= Beginning of Section =
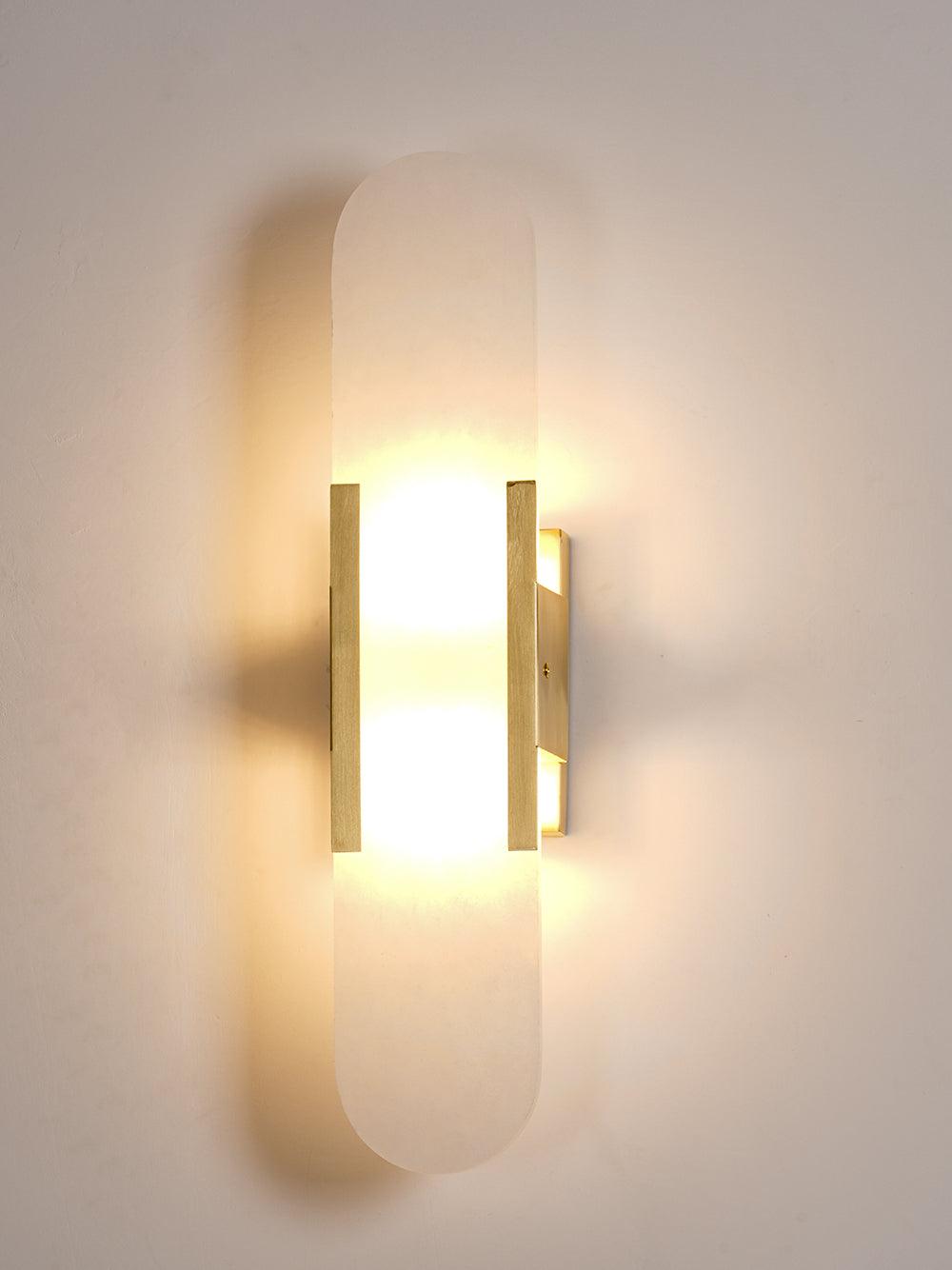 Melange Elongated Alabaster Wall Lamp Wall lamp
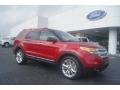 2013 Ruby Red Metallic Ford Explorer XLT 4WD  photo #1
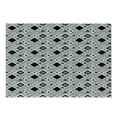 thumbnail image 1 of Black and White Cutting Board, Geometrical Diagonal Pattern with Various Different Squares Contemporary, Decorative Tempered Glass Cutting and Serving Board, Small Size, Black White, by Ambesonne, 1 of 1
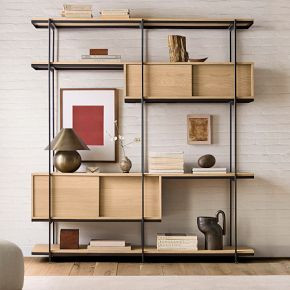 Pierce Extra Wide Shelf Unit (72") | West Elm (US)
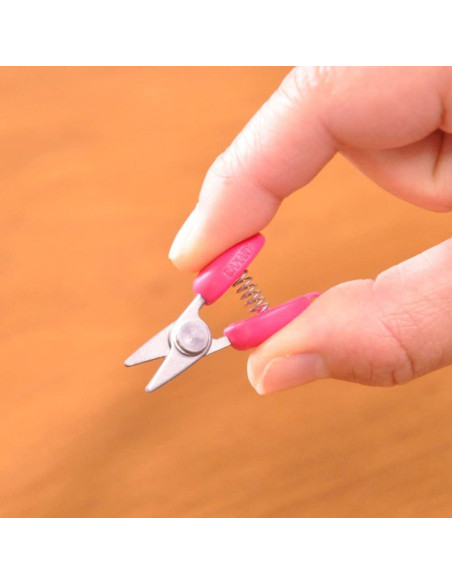 Tesoura de corte de linha pequena - Rosa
= End of Section =
- [Task to complete]:
Repeat the data in full, exactly as it stands, but drop every picture.

- [Task answer]:
 Melange Elongated Alabaster Wall Lamp Wall lamp
 2013 Ruby Red Metallic Ford Explorer XLT 4WD  photo #1
 thumbnail image 1 of Black and White Cutting Board, Geometrical Diagonal Pattern with Various Different Squares Contemporary, Decorative Tempered Glass Cutting and Serving Board, Small Size, Black White, by Ambesonne, 1 of 1
 Pierce Extra Wide Shelf Unit (72") | West Elm (US)
 Tesoura de corte de linha pequena - Rosa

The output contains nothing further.